⟨

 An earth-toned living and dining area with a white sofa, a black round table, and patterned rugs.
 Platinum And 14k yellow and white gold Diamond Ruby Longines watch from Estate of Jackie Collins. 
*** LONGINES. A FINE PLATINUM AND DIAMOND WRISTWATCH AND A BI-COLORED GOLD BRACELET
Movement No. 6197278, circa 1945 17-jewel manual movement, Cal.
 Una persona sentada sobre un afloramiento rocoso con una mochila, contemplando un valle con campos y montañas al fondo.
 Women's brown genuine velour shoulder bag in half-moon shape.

⟩

_THE TASK_:
Lines from the one containing "Platinum And 14k" through the final line of the entries above are to be output exactly; omit all others.

_ANSWER TO THIS TASK_:
 Platinum And 14k yellow and white gold Diamond Ruby Longines watch from Estate of Jackie Collins. 
*** LONGINES. A FINE PLATINUM AND DIAMOND WRISTWATCH AND A BI-COLORED GOLD BRACELET
Movement No. 6197278, circa 1945 17-jewel manual movement, Cal.
 Una persona sentada sobre un afloramiento rocoso con una mochila, contemplando un valle con campos y montañas al fondo.
 Women's brown genuine velour shoulder bag in half-moon shape.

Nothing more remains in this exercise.